According to CFAI material page 23 ,

downside deviation = square root of sum min(rt - r*, 0)^2 divided by n-1

however the answer for EOC 12 is using a different formula: square root of sum min(rt - r*, 0)^2 divided by n-1, then multiply sq rt of n. Why there is such a difference? Also the hurdle rate is not given in the question, but the answer assumes it’s 5%. Shall we do the same on the exam?

Look at the big grey box in the middle of the chapter where all these same statistics are calculated for another set of numbers. That is a pretty big grey box for this chapter.

This is probably insignficant, but I can’t help but comment because this is confusing and misleading. Calculating an annualized return for a 12 month period by taking the geometric mean and multiplying by 12 is both theoretically incorrect and against industry practice. Annuallized return for a 12 month period is equivalent to the cumulative return over the 12 month period, there’s not a lot of room for argument here.

Sachin: You’re thoughts on chain linking returns <= a year are correct.
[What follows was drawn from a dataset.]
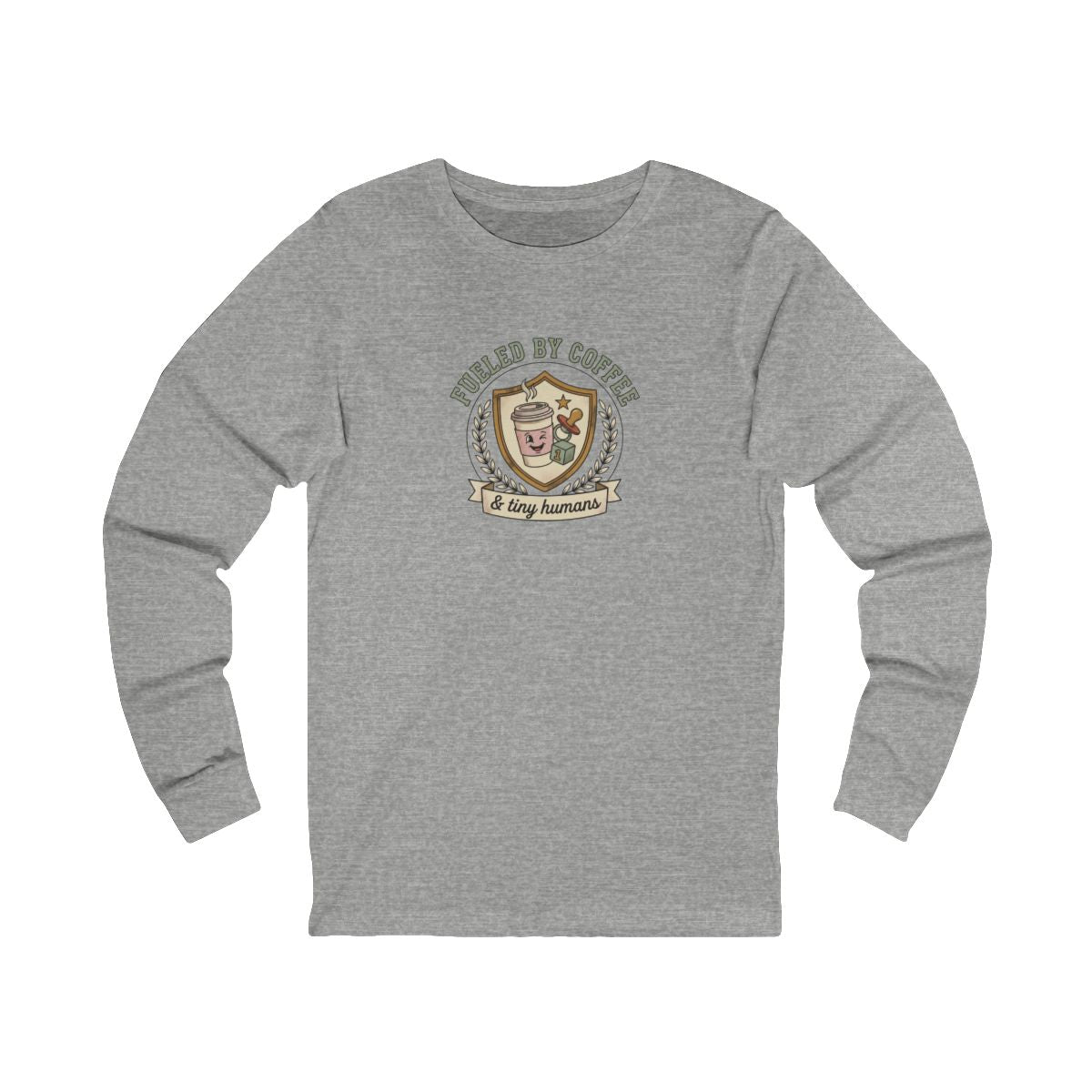 Fueled by Coffee and Tiny Humans Long Sleeve Tee | Coffee Mom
In any case, the correct solution to annualizing the geometric mean would be to use (1+r)^12-1 instead of r*12 which is the cause of the discrepancy.

I’m not misunderstanding, and it’s a small detail but it’s incorrect. Smoothing has nothing to do with it, this is purely about inconsistent use of compounding.

The explanation is great. However, how do we know whether smooting is required or not. I can’t see any hints for using ^1/12 then - 1 then *12. I kept compounding the return then -1 at the beginning.